Section 43 Model Selection: Forward Stepwise Selection
43.1 Statistical Model
\[ \large y_{i} = \beta_0 + \beta_1 x_{1i} + \beta_2 x_{2i} + ... + \beta_p x_{pi} + \epsilon_{i} \]
\[ i = 1,...,n; \space p = \space number \space of \space predictors \]
43.2 Steps
Fit a Null model \(M_0\) which contains no predictors.

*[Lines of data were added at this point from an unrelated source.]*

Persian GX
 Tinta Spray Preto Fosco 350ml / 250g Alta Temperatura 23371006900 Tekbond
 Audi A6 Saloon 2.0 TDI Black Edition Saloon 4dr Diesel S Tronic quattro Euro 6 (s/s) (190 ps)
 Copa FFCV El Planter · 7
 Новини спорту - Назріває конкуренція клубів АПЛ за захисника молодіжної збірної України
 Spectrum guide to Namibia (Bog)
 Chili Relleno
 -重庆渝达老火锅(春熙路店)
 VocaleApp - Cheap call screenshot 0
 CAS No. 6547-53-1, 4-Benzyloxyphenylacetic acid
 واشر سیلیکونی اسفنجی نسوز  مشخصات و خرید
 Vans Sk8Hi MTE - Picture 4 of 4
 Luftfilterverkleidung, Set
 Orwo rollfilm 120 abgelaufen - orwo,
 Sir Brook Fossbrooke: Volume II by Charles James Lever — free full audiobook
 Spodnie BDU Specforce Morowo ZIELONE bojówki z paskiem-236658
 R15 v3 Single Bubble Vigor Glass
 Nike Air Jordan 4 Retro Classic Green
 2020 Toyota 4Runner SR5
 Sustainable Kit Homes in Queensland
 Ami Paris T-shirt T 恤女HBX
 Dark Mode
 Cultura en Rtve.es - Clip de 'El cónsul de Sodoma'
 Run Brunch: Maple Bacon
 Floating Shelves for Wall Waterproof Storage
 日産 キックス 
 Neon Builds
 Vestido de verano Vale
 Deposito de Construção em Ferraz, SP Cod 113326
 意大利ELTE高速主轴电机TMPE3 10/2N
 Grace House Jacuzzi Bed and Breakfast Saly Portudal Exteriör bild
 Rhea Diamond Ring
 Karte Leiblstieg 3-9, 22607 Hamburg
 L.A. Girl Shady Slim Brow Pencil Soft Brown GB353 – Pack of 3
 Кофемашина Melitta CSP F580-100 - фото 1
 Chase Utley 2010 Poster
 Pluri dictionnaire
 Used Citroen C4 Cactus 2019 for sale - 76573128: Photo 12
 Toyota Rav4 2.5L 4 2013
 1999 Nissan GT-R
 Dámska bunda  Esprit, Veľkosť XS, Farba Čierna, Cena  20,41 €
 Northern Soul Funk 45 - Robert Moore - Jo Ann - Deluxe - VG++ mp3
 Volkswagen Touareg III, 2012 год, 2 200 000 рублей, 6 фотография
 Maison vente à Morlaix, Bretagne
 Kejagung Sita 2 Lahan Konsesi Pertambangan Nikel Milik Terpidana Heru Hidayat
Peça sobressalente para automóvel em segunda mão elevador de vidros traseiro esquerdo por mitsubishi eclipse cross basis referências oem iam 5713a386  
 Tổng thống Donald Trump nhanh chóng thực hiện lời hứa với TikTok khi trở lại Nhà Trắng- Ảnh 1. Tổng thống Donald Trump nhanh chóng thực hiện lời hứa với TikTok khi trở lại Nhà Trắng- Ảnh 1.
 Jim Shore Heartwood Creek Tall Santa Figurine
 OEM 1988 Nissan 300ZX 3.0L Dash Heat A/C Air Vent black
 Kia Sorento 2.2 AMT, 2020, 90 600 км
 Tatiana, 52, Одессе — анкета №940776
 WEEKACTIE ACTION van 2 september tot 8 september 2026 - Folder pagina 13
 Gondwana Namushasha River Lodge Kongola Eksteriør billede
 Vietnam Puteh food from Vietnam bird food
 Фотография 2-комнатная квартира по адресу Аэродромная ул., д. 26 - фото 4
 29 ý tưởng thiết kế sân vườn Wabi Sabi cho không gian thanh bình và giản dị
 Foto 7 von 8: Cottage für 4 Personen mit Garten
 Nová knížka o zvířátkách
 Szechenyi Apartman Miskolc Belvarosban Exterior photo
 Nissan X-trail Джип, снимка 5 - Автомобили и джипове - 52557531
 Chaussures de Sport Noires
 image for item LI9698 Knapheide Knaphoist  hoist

This model simply predicts the sample mean for each observation.
For \(k = 1,2,...,p\)
Fit all \(p-k\) models that that augment the predictors in \(M_k\) with one additional predictor.
Choose the best model \(M_k\) among these \(p-k\) models based on the smallest RSS, or equivalently, largest \(R^2\).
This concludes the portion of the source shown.